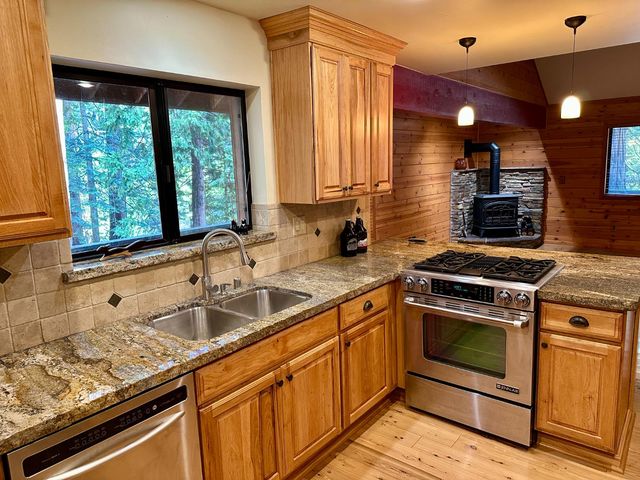 2893 Zuni Dr, Arnold, CA 95223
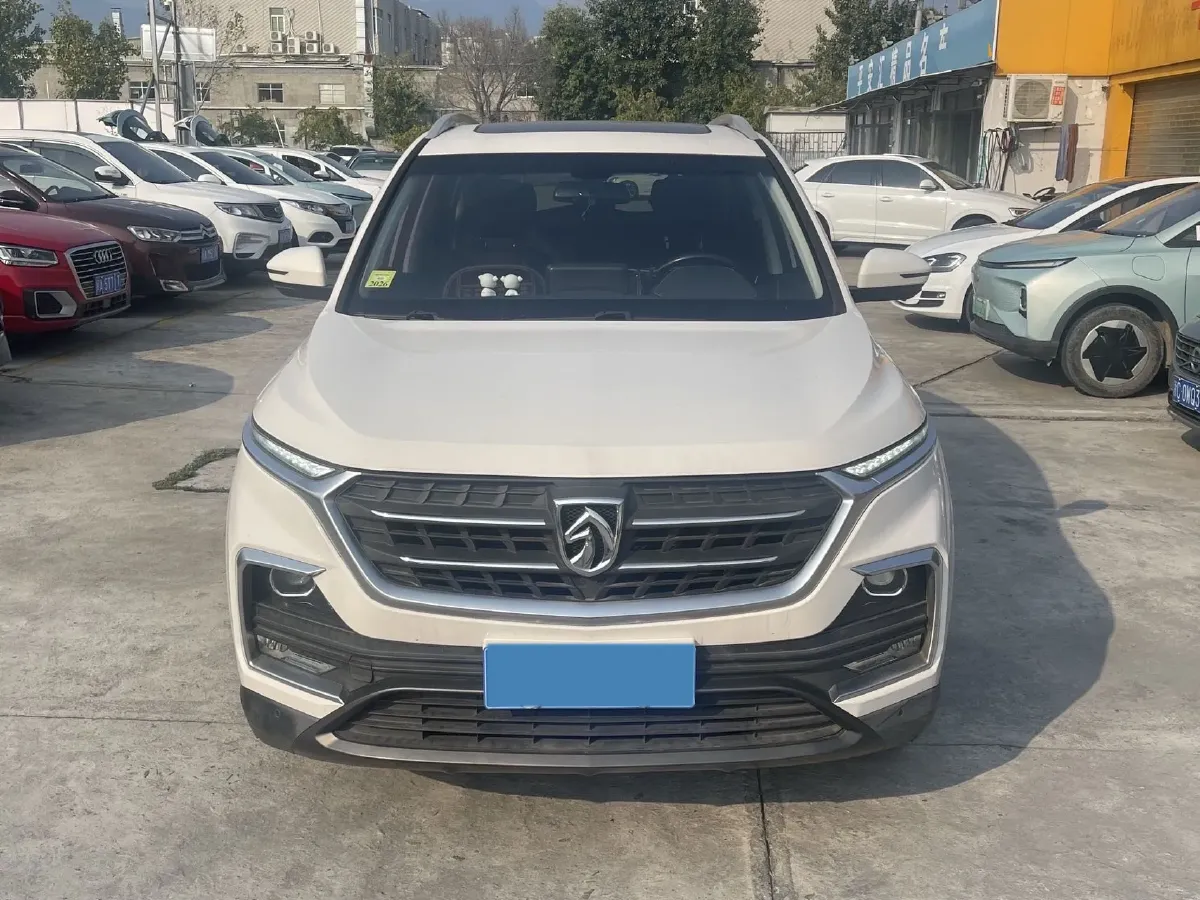 2018 BaoJun 530 1.5T 150HP L4 6DCT,autocango,china used car exporter,china ev exporter,chinese used car exporter,chinese used ev exporter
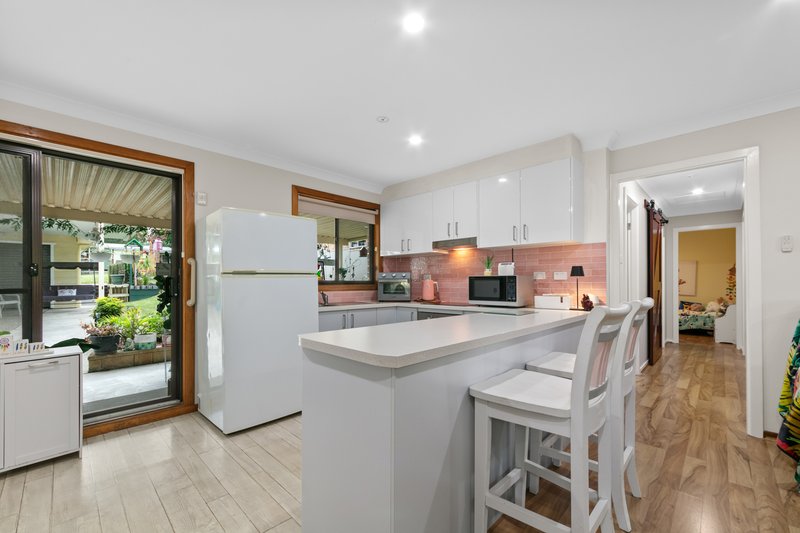 Photo - 6 Jacqueline Avenue, Gorokan NSW 2263 - Image 3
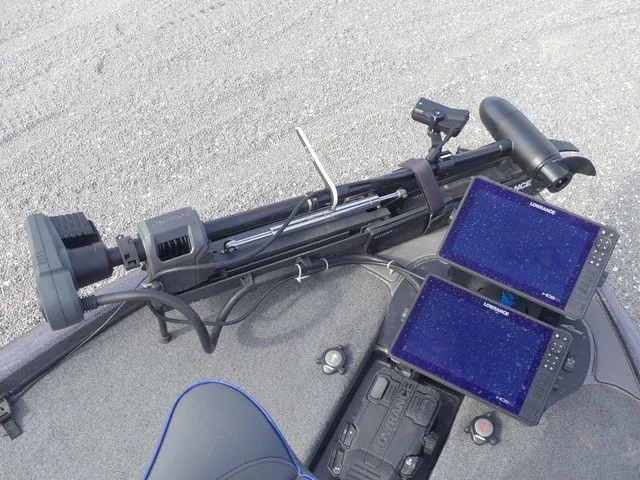 Slide: The Image of Falcon Boats F205 2023 - 11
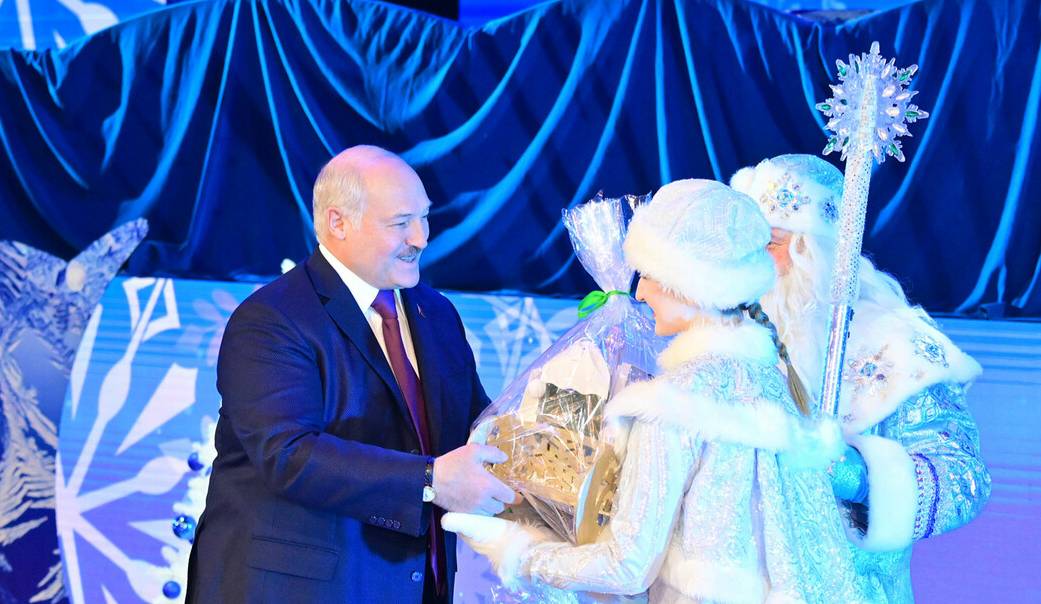 Лукашенко подарил Деду Морозу и Снегурочке корзину с "напитками для взрослых" и сладостями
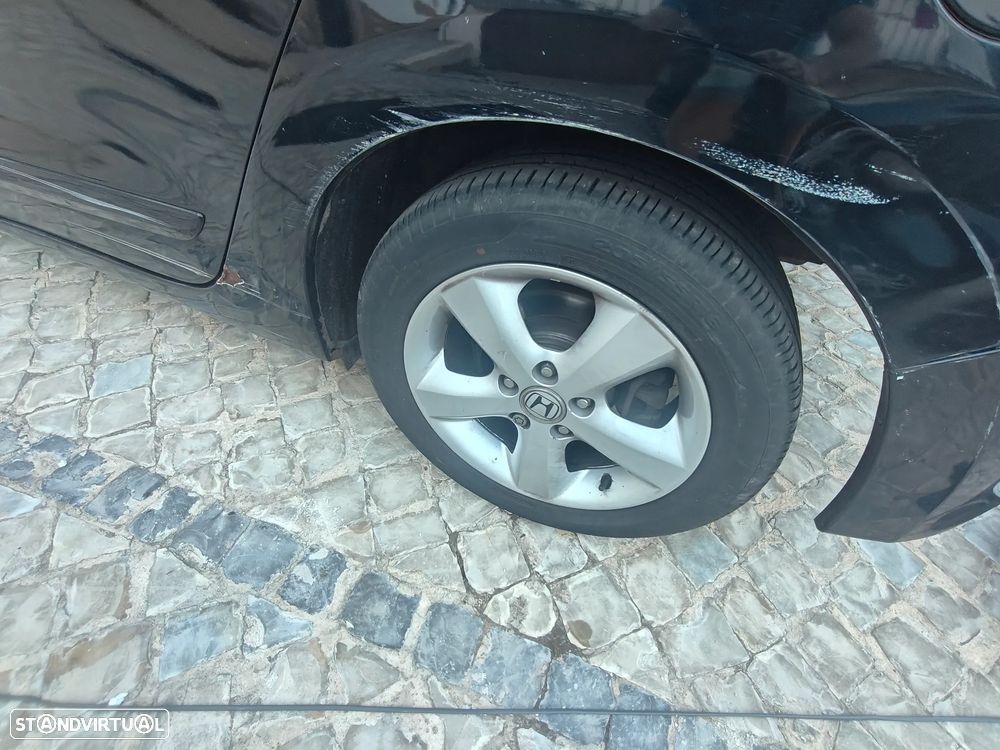 Honda FR-V - 7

======

Each line of the material goes into your copy unchanged, but no picture does.

 2893 Zuni Dr, Arnold, CA 95223
 2018 BaoJun 530 1.5T 150HP L4 6DCT,autocango,china used car exporter,china ev exporter,chinese used car exporter,chinese used ev exporter
 Photo - 6 Jacqueline Avenue, Gorokan NSW 2263 - Image 3
 Slide: The Image of Falcon Boats F205 2023 - 11
 Лукашенко подарил Деду Морозу и Снегурочке корзину с "напитками для взрослых" и сладостями
 Honda FR-V - 7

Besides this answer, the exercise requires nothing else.